Of the lines in the data below, write out exactly those from the one holding "giornale/TO00185181/1883/unico/00000375" through the one holding "Mercedes-Benz GLC 300", both included.

• _Exercise material_:
═══

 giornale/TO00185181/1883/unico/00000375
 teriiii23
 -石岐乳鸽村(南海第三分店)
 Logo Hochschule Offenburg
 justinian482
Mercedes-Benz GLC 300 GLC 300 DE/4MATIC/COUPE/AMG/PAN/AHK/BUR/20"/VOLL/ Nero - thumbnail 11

═══

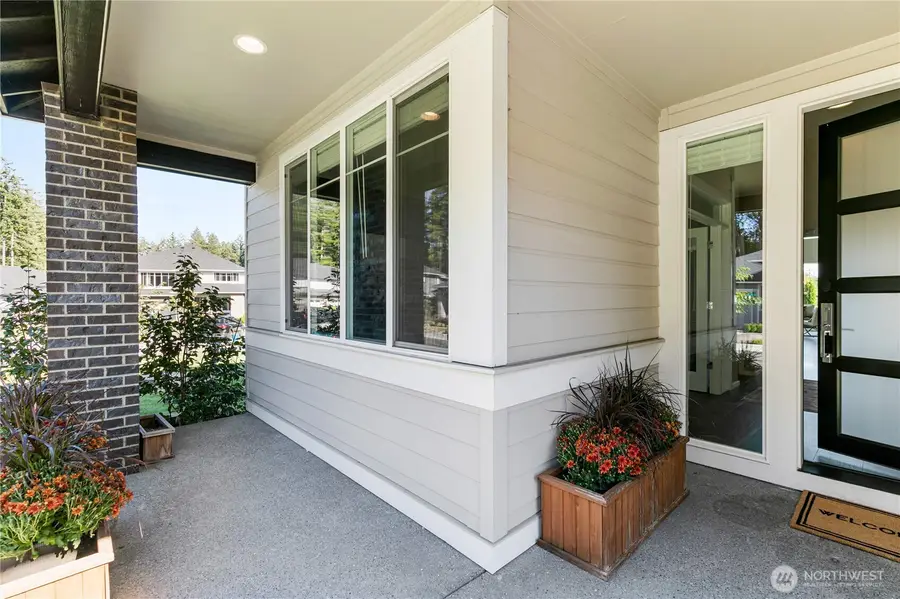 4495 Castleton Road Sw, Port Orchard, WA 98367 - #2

═══

• _Answer_:
 giornale/TO00185181/1883/unico/00000375
 teriiii23
 -石岐乳鸽村(南海第三分店)
 Logo Hochschule Offenburg
 justinian482
Mercedes-Benz GLC 300 GLC 300 DE/4MATIC/COUPE/AMG/PAN/AHK/BUR/20"/VOLL/ Nero - thumbnail 11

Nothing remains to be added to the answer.